What is being asked –
Return the entries below word for word; no images should appear in the copy.

Listed entries –
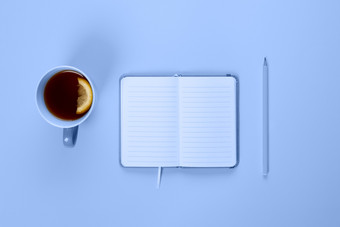 茶杯和花俏的笔记本与空空白页面蓝色的桌子上从以上规划和设计概念前视图平躺复制空间模拟茶杯和花俏的笔记本与空空白页面蓝色的桌子上从以上规划和设计概念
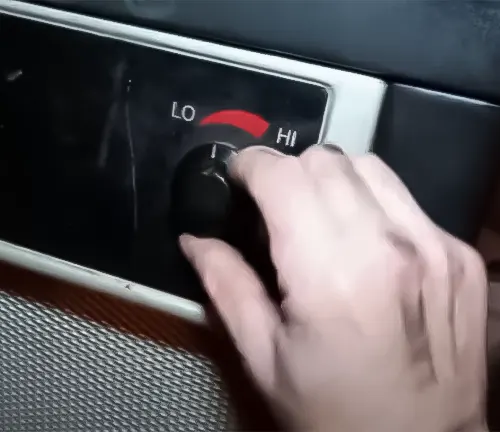 Hand adjusting temperature knob on US Stove B2350 Wonderluxe Coal Stove 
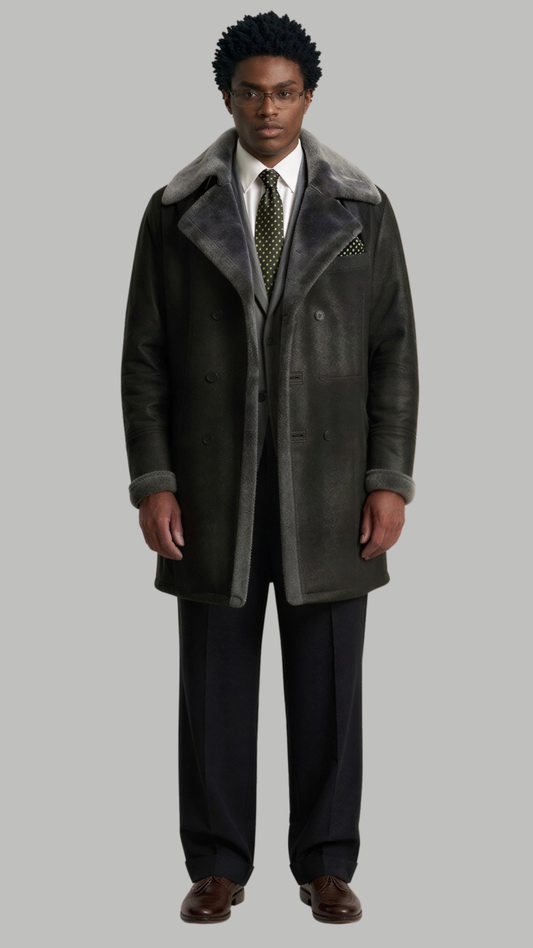 Full body shot of a man wearing a dark grey long leather coat with luxurious faux shearling lining.
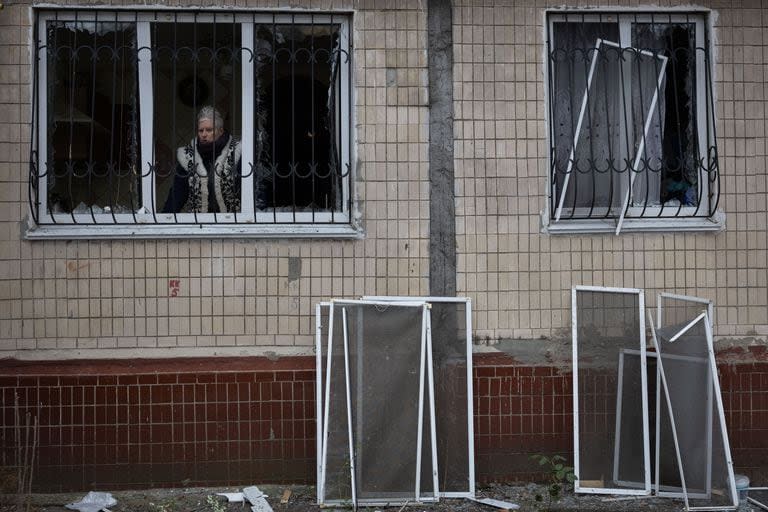 Una residente mira por la ventana de su edificio de apartamentos dañado durante un ataque de misiles rusos en Kiev. 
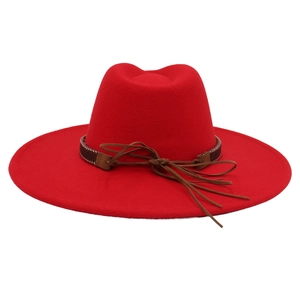 Detail of red wool felt fedora with 9.5cm wide brim and brown leather bow ribbon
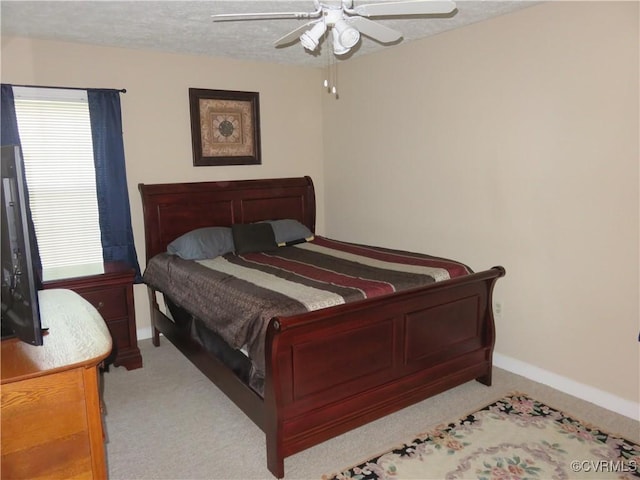 6329 Sledds Lake Rd, Mechanicsville, VA 23111 - bedroom with light carpet, a ceiling fan, and a textured ceiling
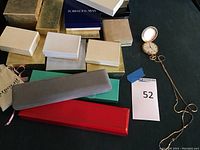 Photo showing all jewelry boxes grouped together with pocket watch and chain laid out to side.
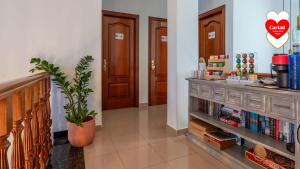 a hallway with a book shelf and two doors at Cariad Boutique Bed & Breakfast in Cala del Moral +31 photos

Your response –
 茶杯和花俏的笔记本与空空白页面蓝色的桌子上从以上规划和设计概念前视图平躺复制空间模拟茶杯和花俏的笔记本与空空白页面蓝色的桌子上从以上规划和设计概念
 Hand adjusting temperature knob on US Stove B2350 Wonderluxe Coal Stove 
 Full body shot of a man wearing a dark grey long leather coat with luxurious faux shearling lining.
 Una residente mira por la ventana de su edificio de apartamentos dañado durante un ataque de misiles rusos en Kiev. 
 Detail of red wool felt fedora with 9.5cm wide brim and brown leather bow ribbon
 6329 Sledds Lake Rd, Mechanicsville, VA 23111 - bedroom with light carpet, a ceiling fan, and a textured ceiling
 Photo showing all jewelry boxes grouped together with pocket watch and chain laid out to side.
 a hallway with a book shelf and two doors at Cariad Boutique Bed & Breakfast in Cala del Moral +31 photos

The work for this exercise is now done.